George Frederick Binley

Name George Frederick Binley
Corps Durham Light Infantry 2/7th Battalion, Yorkshire Regiment 18th Battalion
Rank Corporal
Service No. 268903,108945
Date/Place of entry 1915
Date of death 1953
Memorial/Grave  

George Frederick Binley was born in 1875 and was destined to have a highly colourful private life. He was one of the grandsons of William Binley of Corby, the younger brother of Thomas Binley who moved to Cottingham after 1822. This made George Frederick second cousin to Charles Stephen Binley born in Cottingham the same year. For a full account of the Binley families, see the entry for Charles Stephen.

George Frederick’s father Frederick Binley was born in 1844 in Corby and later established himself as a master tailor in Uppingham, where he married in 1874. He two children of the marriage, George Frederick and his sister Hannah had been born by 1876, but the 1881 census showed their mother Eliza was a patient in Leicester and Rutland Lunatic Asylum at Leicester. Eliza remained incarcerated for the rest of her life. Initially identified as a tailor’s wife born in Uppingham, in later census she was listed as a single woman whose birthplace was unknown, which suggests she was no longer in touch with her family.

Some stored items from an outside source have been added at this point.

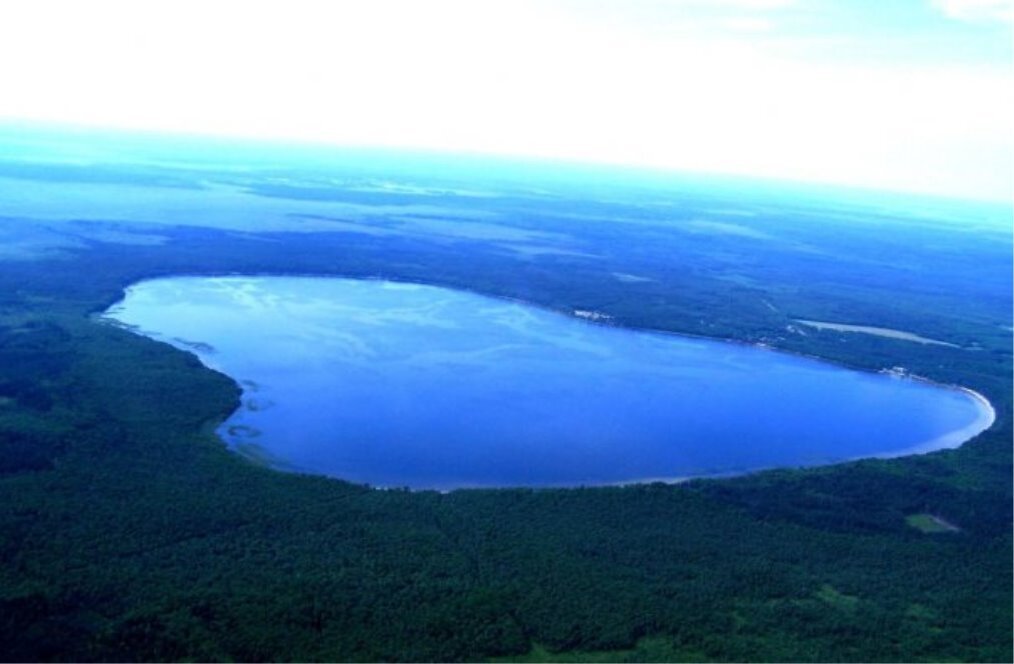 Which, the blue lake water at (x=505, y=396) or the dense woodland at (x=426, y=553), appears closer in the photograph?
the dense woodland at (x=426, y=553)

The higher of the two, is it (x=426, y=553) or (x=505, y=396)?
(x=505, y=396)

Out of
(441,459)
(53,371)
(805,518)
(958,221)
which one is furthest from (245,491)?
(958,221)

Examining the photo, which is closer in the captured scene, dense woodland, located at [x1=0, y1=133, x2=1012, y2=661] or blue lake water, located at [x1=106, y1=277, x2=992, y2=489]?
dense woodland, located at [x1=0, y1=133, x2=1012, y2=661]

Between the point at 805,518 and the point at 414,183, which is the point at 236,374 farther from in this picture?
the point at 414,183

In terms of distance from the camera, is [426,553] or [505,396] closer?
[426,553] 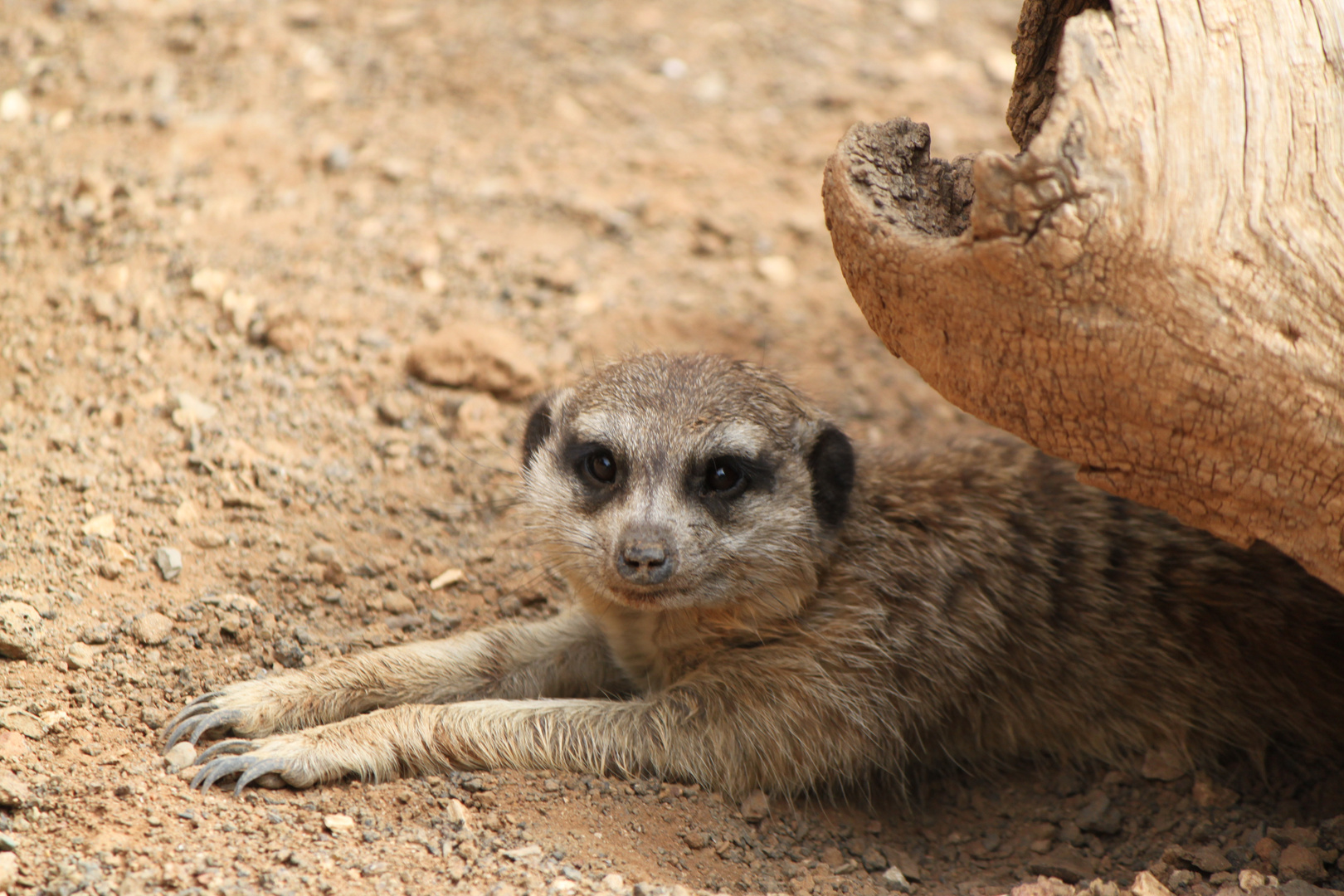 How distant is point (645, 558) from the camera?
2.75 metres

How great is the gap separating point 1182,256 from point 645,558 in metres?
1.40

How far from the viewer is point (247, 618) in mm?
3223

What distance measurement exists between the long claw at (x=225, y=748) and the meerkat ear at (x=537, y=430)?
120cm

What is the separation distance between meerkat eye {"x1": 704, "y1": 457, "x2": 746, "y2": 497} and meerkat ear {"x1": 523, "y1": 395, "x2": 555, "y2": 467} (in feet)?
2.07

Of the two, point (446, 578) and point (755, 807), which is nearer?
point (755, 807)

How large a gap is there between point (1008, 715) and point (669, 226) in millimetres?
2999

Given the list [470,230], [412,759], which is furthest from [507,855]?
[470,230]

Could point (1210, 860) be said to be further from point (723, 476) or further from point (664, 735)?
point (723, 476)

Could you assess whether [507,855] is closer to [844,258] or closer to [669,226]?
[844,258]

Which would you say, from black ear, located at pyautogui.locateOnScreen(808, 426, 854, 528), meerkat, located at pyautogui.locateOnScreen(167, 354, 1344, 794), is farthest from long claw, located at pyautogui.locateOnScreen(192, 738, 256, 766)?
black ear, located at pyautogui.locateOnScreen(808, 426, 854, 528)

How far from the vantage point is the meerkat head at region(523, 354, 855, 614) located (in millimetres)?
2994

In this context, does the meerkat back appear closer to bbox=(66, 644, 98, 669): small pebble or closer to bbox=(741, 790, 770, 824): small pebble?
bbox=(741, 790, 770, 824): small pebble

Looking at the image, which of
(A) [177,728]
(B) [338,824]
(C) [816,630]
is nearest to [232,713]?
(A) [177,728]

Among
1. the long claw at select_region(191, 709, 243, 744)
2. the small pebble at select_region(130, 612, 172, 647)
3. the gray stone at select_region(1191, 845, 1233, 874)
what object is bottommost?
the gray stone at select_region(1191, 845, 1233, 874) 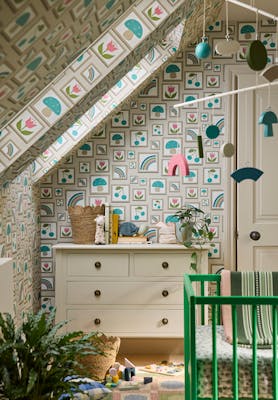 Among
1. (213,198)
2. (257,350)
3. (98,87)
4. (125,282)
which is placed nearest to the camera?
(257,350)

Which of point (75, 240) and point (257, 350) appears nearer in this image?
point (257, 350)

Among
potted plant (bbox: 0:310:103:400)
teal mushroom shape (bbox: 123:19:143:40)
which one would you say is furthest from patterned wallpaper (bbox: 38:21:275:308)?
potted plant (bbox: 0:310:103:400)

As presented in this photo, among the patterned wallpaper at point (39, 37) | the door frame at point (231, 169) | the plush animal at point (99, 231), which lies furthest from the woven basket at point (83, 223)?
the patterned wallpaper at point (39, 37)

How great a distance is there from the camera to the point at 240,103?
5.08 metres

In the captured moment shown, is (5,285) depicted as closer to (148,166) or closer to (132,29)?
(132,29)

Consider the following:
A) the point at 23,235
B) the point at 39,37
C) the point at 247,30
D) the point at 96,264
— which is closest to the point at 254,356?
the point at 39,37

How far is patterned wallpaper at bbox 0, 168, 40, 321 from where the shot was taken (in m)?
3.73

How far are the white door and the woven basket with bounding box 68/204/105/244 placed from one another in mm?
1116

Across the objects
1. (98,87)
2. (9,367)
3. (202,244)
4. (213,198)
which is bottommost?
(9,367)

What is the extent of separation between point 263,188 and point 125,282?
1288mm

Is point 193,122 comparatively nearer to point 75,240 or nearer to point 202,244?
point 202,244

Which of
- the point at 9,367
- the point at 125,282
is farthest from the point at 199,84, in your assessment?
the point at 9,367

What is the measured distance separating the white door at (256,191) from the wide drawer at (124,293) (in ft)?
2.05

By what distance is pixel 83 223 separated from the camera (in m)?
4.98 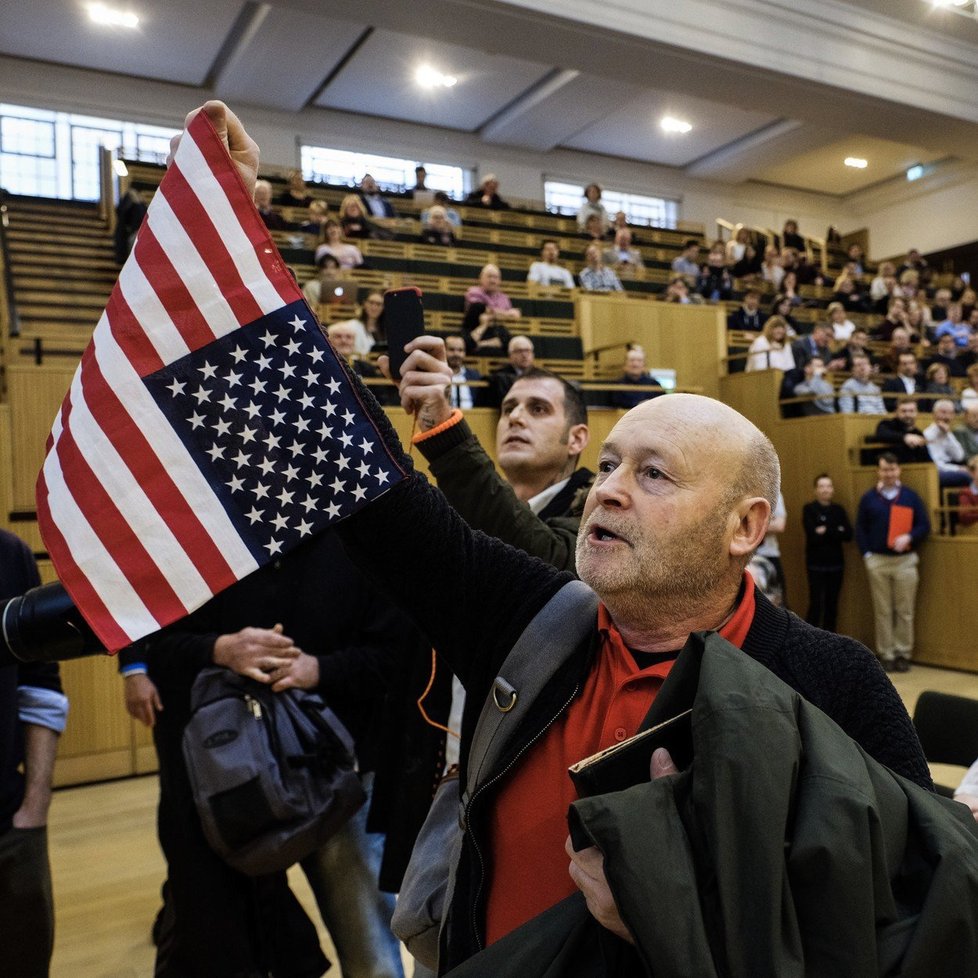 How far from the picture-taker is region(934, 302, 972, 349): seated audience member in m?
12.9

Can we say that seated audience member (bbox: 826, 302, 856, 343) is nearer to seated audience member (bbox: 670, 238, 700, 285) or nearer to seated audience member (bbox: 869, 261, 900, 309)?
seated audience member (bbox: 670, 238, 700, 285)

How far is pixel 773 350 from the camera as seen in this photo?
33.9 feet

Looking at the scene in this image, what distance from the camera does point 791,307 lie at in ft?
42.1

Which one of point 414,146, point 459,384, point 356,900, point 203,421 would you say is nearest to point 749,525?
point 203,421

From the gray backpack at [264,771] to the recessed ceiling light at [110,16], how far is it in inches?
488

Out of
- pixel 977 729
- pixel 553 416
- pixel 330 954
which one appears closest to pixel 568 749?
pixel 553 416

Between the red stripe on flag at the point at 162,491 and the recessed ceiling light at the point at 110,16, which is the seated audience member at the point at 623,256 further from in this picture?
the red stripe on flag at the point at 162,491

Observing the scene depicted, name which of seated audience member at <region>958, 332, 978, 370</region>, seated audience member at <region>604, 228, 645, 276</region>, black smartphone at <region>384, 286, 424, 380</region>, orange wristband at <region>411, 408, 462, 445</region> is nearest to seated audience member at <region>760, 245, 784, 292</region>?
seated audience member at <region>604, 228, 645, 276</region>

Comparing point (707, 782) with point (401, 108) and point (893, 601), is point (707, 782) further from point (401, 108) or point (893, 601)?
point (401, 108)

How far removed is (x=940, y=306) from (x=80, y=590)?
51.3ft

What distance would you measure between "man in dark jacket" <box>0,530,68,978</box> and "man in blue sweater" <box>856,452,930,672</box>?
7.34 meters

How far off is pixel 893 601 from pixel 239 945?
23.7 ft

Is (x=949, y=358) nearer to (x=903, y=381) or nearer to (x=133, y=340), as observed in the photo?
(x=903, y=381)

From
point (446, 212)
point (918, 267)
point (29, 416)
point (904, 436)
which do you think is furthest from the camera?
point (918, 267) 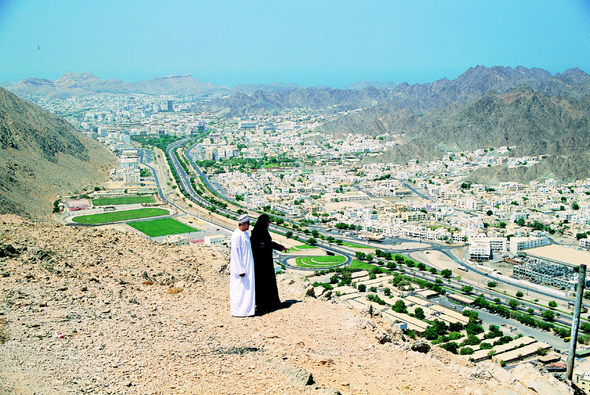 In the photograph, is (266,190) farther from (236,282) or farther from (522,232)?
(236,282)

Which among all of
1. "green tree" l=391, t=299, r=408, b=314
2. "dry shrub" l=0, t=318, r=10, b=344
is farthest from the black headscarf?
"green tree" l=391, t=299, r=408, b=314

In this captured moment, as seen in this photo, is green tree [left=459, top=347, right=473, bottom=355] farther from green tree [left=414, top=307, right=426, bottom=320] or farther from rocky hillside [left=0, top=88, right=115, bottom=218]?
rocky hillside [left=0, top=88, right=115, bottom=218]

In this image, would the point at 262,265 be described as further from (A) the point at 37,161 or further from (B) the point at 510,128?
(B) the point at 510,128

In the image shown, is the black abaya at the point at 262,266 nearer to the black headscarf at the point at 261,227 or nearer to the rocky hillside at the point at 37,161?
the black headscarf at the point at 261,227

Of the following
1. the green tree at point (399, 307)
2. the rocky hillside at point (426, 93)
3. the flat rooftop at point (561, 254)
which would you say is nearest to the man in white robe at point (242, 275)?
the green tree at point (399, 307)

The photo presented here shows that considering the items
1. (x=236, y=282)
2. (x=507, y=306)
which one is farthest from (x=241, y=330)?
(x=507, y=306)

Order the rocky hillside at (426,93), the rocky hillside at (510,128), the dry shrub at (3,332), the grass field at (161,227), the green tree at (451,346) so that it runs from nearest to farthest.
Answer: the dry shrub at (3,332)
the green tree at (451,346)
the grass field at (161,227)
the rocky hillside at (510,128)
the rocky hillside at (426,93) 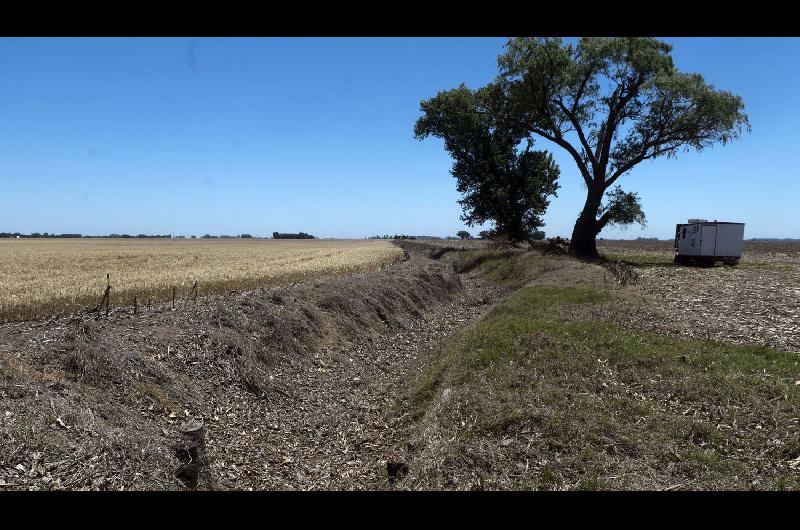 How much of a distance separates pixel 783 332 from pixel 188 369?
13.4 m

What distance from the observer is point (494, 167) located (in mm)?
49219

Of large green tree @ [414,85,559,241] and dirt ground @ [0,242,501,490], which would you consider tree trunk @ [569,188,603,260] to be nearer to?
large green tree @ [414,85,559,241]

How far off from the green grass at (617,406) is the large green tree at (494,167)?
37.6 metres

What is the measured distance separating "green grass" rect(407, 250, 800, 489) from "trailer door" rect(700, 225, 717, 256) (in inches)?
914

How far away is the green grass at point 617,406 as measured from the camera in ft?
20.3

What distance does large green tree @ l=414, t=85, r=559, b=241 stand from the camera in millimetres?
48406

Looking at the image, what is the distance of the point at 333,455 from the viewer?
817 centimetres

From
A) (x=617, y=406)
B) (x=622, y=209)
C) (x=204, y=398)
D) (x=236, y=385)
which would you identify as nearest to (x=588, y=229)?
(x=622, y=209)

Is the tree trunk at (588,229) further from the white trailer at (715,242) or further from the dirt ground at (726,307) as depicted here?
the dirt ground at (726,307)

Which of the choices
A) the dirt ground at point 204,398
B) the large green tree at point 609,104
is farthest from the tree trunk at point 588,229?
the dirt ground at point 204,398

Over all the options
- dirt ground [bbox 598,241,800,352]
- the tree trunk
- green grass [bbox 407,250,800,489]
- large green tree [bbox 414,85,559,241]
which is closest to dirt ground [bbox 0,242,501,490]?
green grass [bbox 407,250,800,489] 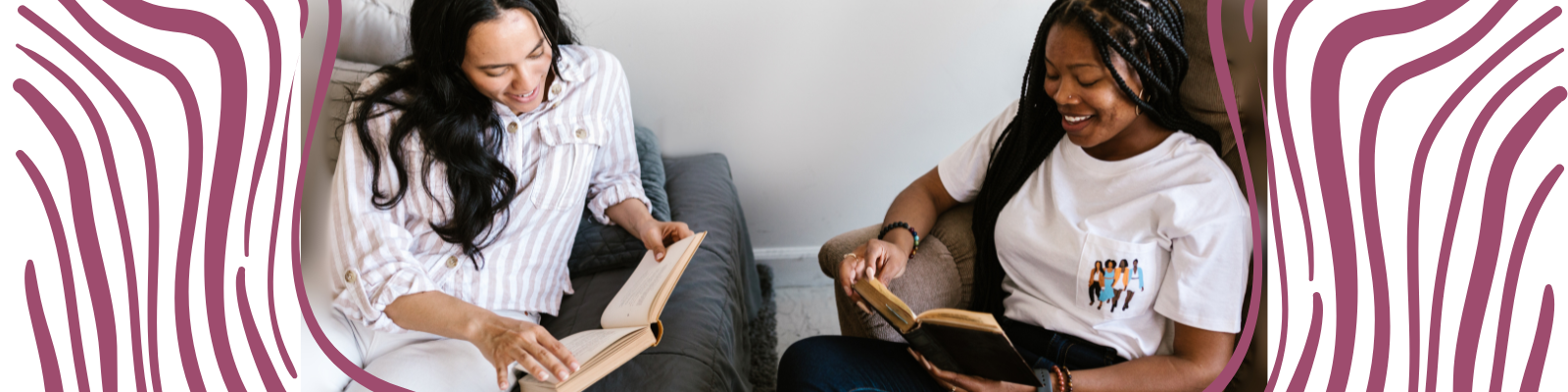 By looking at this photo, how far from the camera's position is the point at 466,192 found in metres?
1.18

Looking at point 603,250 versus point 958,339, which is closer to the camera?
point 958,339

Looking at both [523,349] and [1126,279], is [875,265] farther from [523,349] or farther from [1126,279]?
[523,349]

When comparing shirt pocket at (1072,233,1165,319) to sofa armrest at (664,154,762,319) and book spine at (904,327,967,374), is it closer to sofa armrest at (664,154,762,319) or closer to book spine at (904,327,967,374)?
book spine at (904,327,967,374)

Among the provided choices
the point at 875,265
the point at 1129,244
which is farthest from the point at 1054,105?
the point at 875,265

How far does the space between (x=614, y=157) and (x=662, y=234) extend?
0.69 feet

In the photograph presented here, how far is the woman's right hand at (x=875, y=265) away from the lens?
4.11 feet

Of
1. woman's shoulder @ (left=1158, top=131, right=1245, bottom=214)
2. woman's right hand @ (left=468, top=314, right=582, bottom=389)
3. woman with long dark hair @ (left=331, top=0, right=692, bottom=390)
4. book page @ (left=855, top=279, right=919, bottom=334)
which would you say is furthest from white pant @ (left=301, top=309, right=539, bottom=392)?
woman's shoulder @ (left=1158, top=131, right=1245, bottom=214)

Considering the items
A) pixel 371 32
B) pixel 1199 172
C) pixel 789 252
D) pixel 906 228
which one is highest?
pixel 371 32

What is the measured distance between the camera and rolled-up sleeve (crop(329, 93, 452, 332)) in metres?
1.09

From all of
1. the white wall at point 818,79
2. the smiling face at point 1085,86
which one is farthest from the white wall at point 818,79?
the smiling face at point 1085,86

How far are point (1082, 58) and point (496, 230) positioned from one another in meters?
0.94

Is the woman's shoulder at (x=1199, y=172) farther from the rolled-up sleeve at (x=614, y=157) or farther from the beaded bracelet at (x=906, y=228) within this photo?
the rolled-up sleeve at (x=614, y=157)

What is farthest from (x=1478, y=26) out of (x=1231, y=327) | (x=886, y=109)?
(x=886, y=109)

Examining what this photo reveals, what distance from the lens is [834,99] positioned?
187 cm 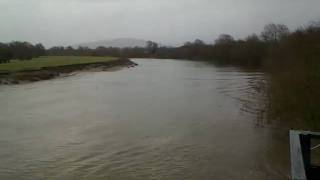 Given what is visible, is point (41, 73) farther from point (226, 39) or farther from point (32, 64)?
point (226, 39)

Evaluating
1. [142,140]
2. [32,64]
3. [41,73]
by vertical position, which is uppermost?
[32,64]

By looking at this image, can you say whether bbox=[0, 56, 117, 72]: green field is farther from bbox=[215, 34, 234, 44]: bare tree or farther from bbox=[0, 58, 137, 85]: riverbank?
bbox=[215, 34, 234, 44]: bare tree

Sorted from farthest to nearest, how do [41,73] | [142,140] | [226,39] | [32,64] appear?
1. [226,39]
2. [32,64]
3. [41,73]
4. [142,140]

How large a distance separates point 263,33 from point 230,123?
235ft

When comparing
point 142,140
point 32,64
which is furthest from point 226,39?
point 142,140

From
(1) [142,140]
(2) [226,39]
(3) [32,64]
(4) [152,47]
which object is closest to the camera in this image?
(1) [142,140]

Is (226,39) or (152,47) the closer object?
(226,39)

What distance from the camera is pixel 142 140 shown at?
16.3 m

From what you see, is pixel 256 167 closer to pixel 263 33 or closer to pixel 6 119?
pixel 6 119

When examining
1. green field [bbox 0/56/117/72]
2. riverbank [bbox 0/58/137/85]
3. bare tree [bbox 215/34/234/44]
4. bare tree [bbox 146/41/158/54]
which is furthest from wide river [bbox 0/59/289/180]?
bare tree [bbox 146/41/158/54]

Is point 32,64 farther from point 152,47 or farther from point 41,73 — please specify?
point 152,47

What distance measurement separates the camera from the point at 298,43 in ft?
84.1

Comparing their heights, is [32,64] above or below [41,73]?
above

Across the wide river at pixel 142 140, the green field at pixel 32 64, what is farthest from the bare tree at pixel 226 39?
the wide river at pixel 142 140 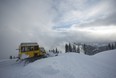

The Asylum moved from Humberstone Gate to new premises in Narborough in 1908. By the general standards of nineteenth century asylums, the Leicestershire and Rutland is thought to have been reasonably humane and in 1911 Eliza was well enough to be employed there as a nursemaid. She died in 1918. The original Asylum buildings at Humberstone Gate were designated as a military hospital, the 5th General Northern, in 1914.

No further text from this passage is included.